Sewing allows us to see mature, stylish people who don’t have to conform to society’s standards of beauty. We can follow hashtags for our favorite patterns and see people just like us, wearing the same thing we’ve sewn. It’s really empowering to SEE yourself reflected, it gives you a sense of belonging, of embracing YOUR age.
But doesn’t every older person already sew?

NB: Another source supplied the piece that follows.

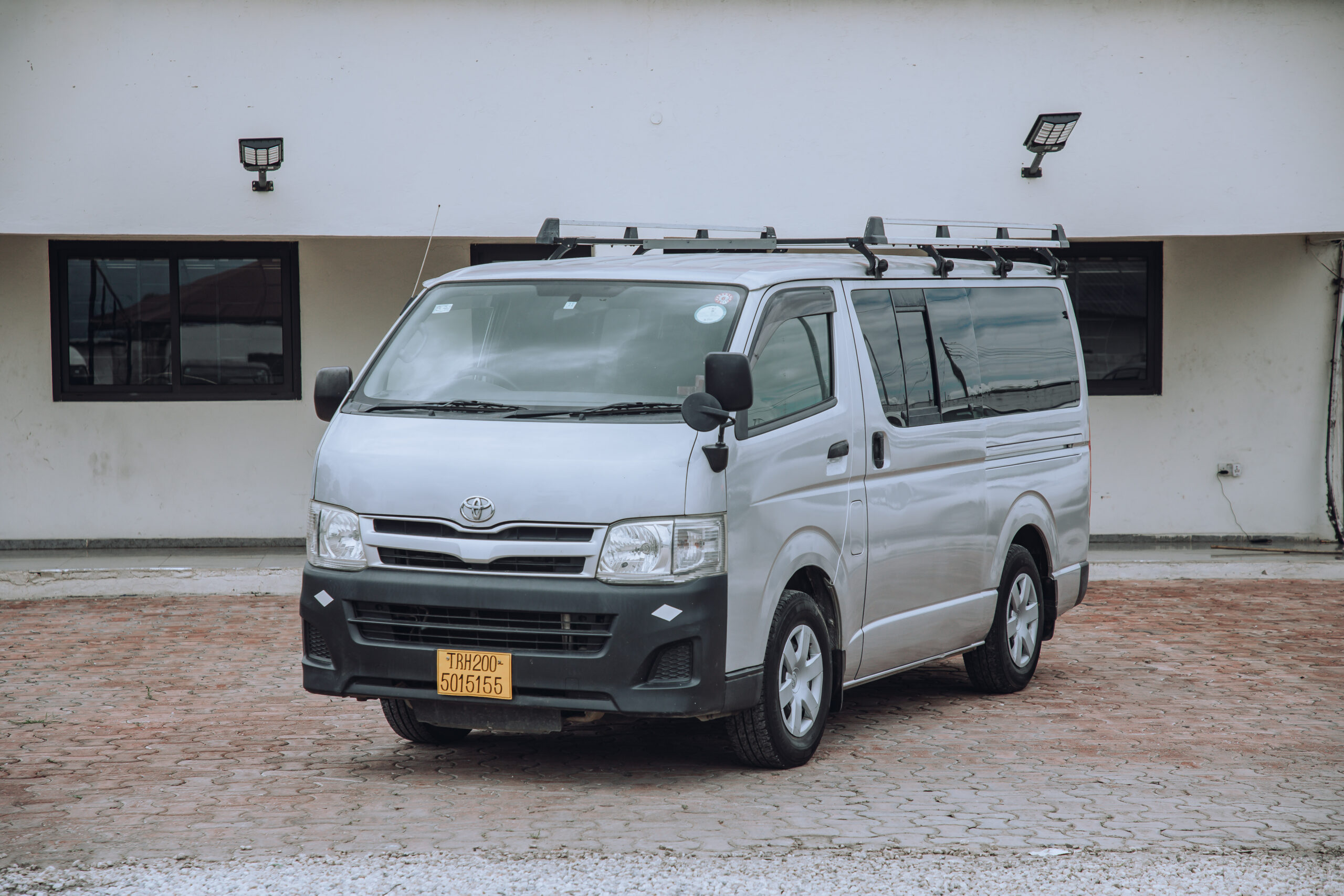 2012 TOYOTA HIACE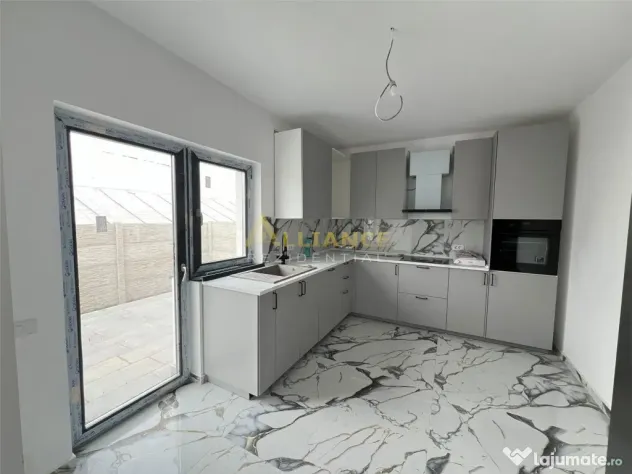 Casa Individuala P M - 4 camere - Pompa de Caldura-Panouri S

This was true in the 1950s, 1940s and earlier. Everyone sewed. But in the 1970s, and 1980s women went back to work and they stopped sewing. For Boomers (particularly early ones), sewing was something they saw their mom do, and they did, too. But for Xers (those born after 1966 but before the late 80s), there’s this gap of sewing skillset and even interest. Millennials picked it up (and the oldest of those are in their 40s now) with a fervor and most of the sewing pattern companies now are dominated by Millennial designers. Older designers are exiting the industry (their patterns live on in our stashes and on Etsy and Ebay though.)

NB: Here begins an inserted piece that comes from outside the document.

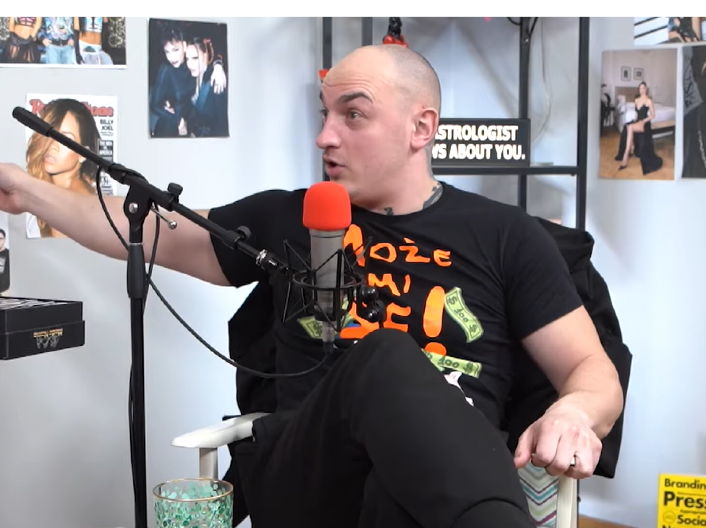 "ZNA SE DA JA NE IDEM NA MESTA GDE JE ON" Desingerica se pojavio na snimanju, a kada je čuo ko se nalazi unutra, momentalno napustio mesto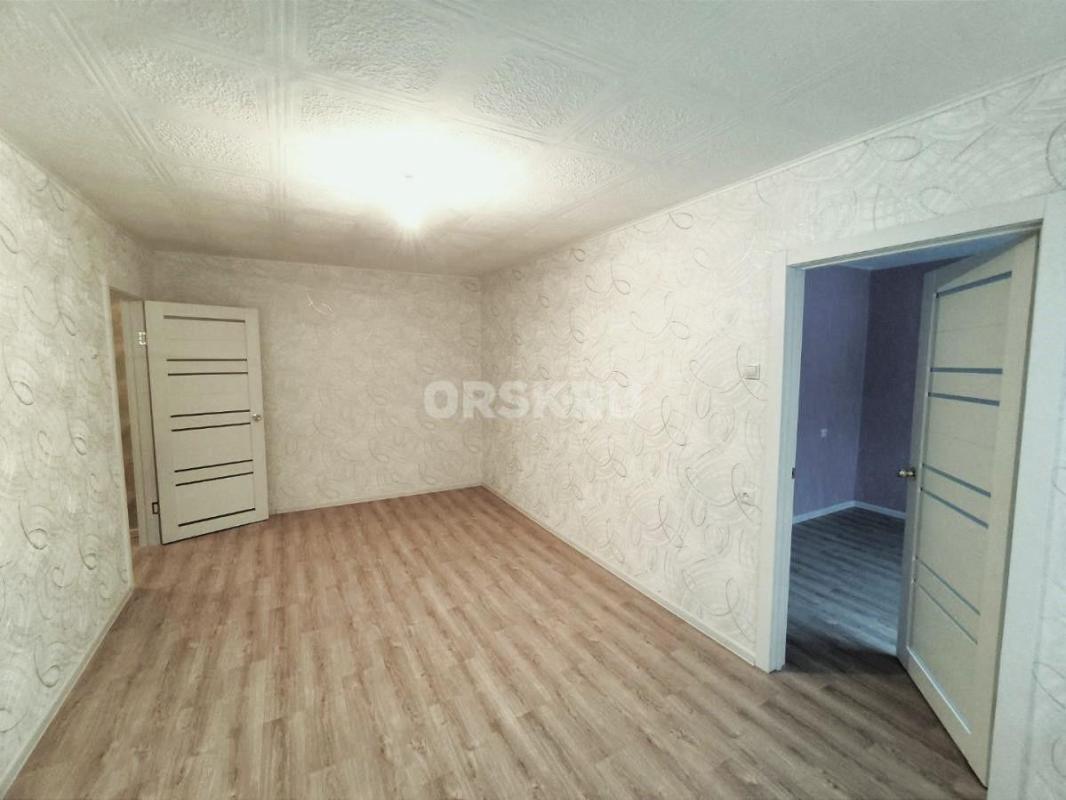 Предлагается к приобретению уютная двухкомнатная квартира общей площадью 40.3 квадратных метров, рас - Орск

The Xer sewing gap are people in their 50s now, closing in on 60. These people didn’t learn to sew in school (they may have, but as a rule, home ec was being phased out.) The hashtag #GenXsewing or #genxsewist pales in comparison to the huge #millennialsewing or #millennialsewist ones.
It’s not too late- you can take control of what you put on your body and you can wear what you love. You can MAKE what you love! And what better time to do it when you might have realized that you need a hobby – one that is creatively fulfilling, easy to pick up and put down (I often sew one seam and that’s it til the next day.)

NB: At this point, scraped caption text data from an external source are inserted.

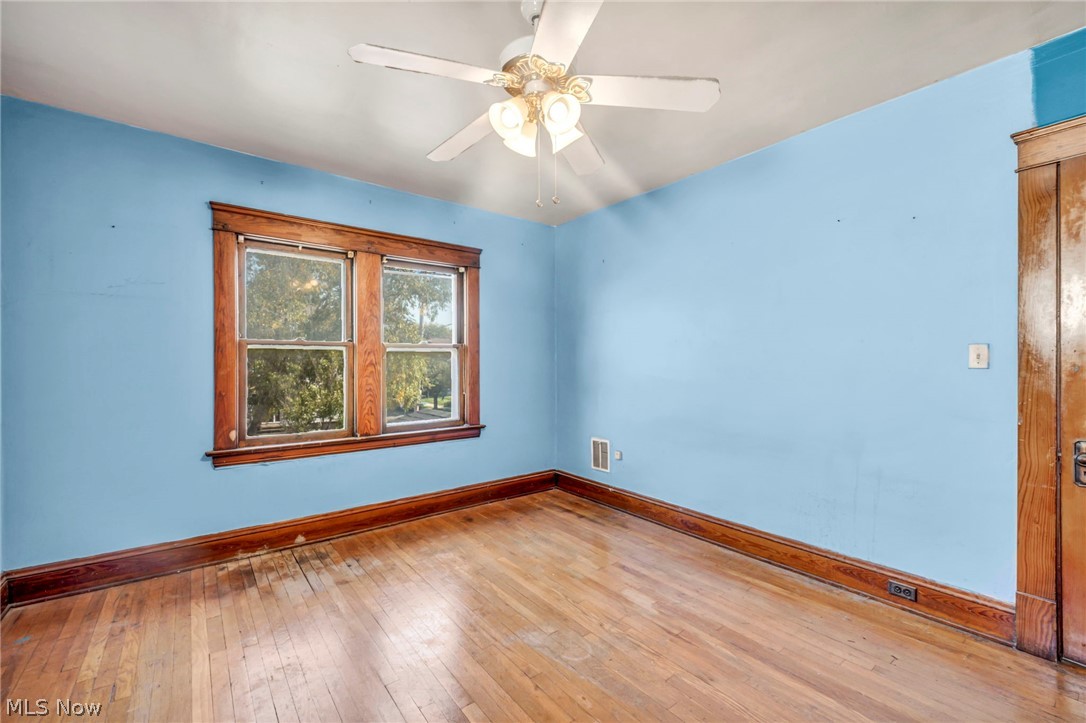 3900 E 42nd Street Newburgh Heights OH 44105
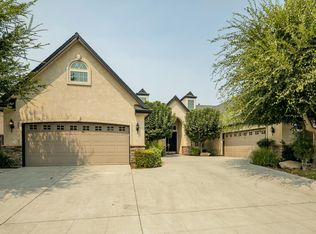 419 W Loyola Ave, Clovis, CA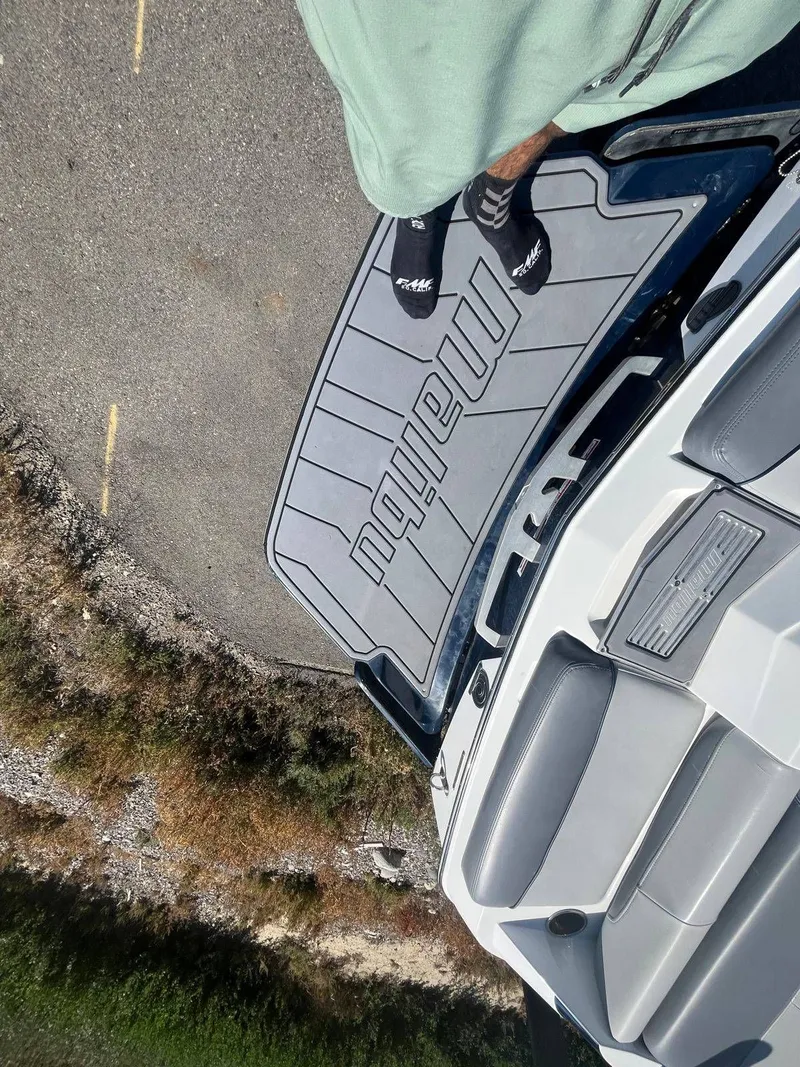 Slide: The Image of Malibu Wakesetter 22 LSV 2022 on trailer, viewed from above. - 7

Getting started or expanding your skills as an over 50 sewist:
Your local fabric store has it all. I love shopping my local and indie retailers online and in other cities. Typically the owner of your local fabric store is in her 40s and 50s or even 60s herself, so she’s well aware of the variety of people that come to sewing in both skill and body types, and can help guide you to the best patterns for you. Mass market chains are often staffed (if at all) by younger people with not much sewing skill, so be sure to head to your local retailer or one in a nearby city for classes. You can also learn online from organizations like Sew It! Academy, Craftsy, and PatternReview. And every pattern company has a sew along or instructional videos on their site on how to sew their patterns.
A friend of mine posted that her hometown has a community center that teaches people to sew tea towels, a tote bag and wide leg elastic waist pants in a sewing class designed for grownups. Our LFS teaches people to sew tee shirts and basic wide leg pants, along with more complex bags, backpacks and other garments. You can and will go from making basic elastic waist pants and fun cropped boxy tee shirts to sewing more complicated garments in a fairly short period of time.
Millennial designers will turn 50 in about 10 years. And then they’ll be much more accommodating of larger text sizes on their pattern description (I’ve had to use a magnifying glass to select my pattern size from the measurement chart on more than a few pattern designers’ envelopes.) They’ll include more photos of older models, and they’ll feature older customers on their media (whatever we replace social media with.)
But until then, shop wisely, ask designers to feature older models in their pattern samples and on their websites, and POST your makes – the more visible we all are, the better!